これに対し、排水管が「共用部分」であれば、共用部分の共有者である全区分所有者(管理組合) が、損害を賠償する責任を負うことになります。
なお、管理組合が共用部分の占有者になるかは問題となり得ますが、マンションでは管理組合を占有者として差し支えないと考えられます(後掲福岡高裁平成12年12月27日参照)。
共用部分か専有部分か
排水管は、建物に附属し、構造上・効用上その建物と不可分の関係にあるものですから、「建物の附属物」です。
「建物の附属物」のうち、専有部分に属しない建物の附属物は共有部分であるとされていることから(区分所有法2条4項)、専有部分に属する建物の附属物は専有部分となります。
この点、マンションの専有部分である707号室の床下コンクリートスラブと階下にある607号室の天井板との間の空間にある排水管の枝管を通じて707号室の汚水が本管に流される構造となっている場合において、707号室から枝管の点検、修理を行うことは不可能であり、607号室からその天井裏に入ってこれを実施するほか方法はないときは、枝管は、区分所有法2条4項の「専有部分に属しない建物の附属物」であり、区分所有者全員の共有部分に当たるとした裁判例があります(最高裁平成12年3月21日)。
<最高裁平成12年3月21日>
本件建物の707号室の台所、洗面所、風呂、便所から出る汚水については、同室の床下にあるいわゆる躯体部分であるコンクリートスラブを貫通してその階下にある607号室の天井裏に配された枝管を通じて、共用部分である本管(縦管)に流される構造となっているところ、本件排水管は、右枝管のうち、右コンクリートスラブと607号室の天井板との間の空間に配された部分である。

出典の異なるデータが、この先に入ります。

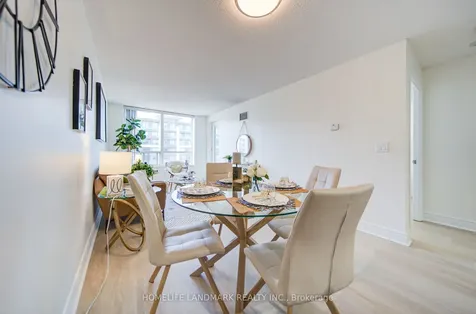 48 Suncrest Boulevard Markham ON L3T 7Y5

…本件排水管には、本管に合流する直前で708号室の便所から出る汚水を流す枝管が接続されており、707号室及び708号室以外の部屋からの汚水は流れ込んでいない。
…本件排水管は、右コンクリートスラブの下にあるため、707号室及び708号室から本件排水管の点検、修理を行うことは不可能であり、607号室からその天井板の裏に入ってこれを実施するほか方法はない。
右事実関係の下においては、本件排水管は、その構造及び設置場所に照らし、建物の区分所有等に関する法律2条4項にいう専有部分に属しない建物の附属物に当たり、かつ、区分所有者全員の共用部分に当たると解するのが相当である。
これに対し、排水管がコンクリートスラブより上に設置されている事案において、床下排水管は、床スラブ内にある部分は共用部分であるが、床とスラブとの間の空間にある部分は区分所有者の専有部分であり、排水管は床下空間部分にあるものであるから共用部分とは認められないとした裁判例があります(福岡高裁平成12年12月27日)。
この裁判例の事案は、排水管がコンクリートスラブより上に設置されていたことが最高裁平成12年3月21日の事案とは異なります。
なお、建物の設置・保存に瑕疵があることにより他人に損害を与えた場合、その瑕疵は、共用部分の設置・保存にあると推定されます(区分所有法9条)。
この規定は、建物の設置・保存に瑕疵があるものの、瑕疵が建物のどの部分にあるか分からない場合に、瑕疵が共用部分にあると推定することで、被害者の主張・立証の軽減を図り、被害者が管理組合に対して損害賠償請求をしやすくしたものです。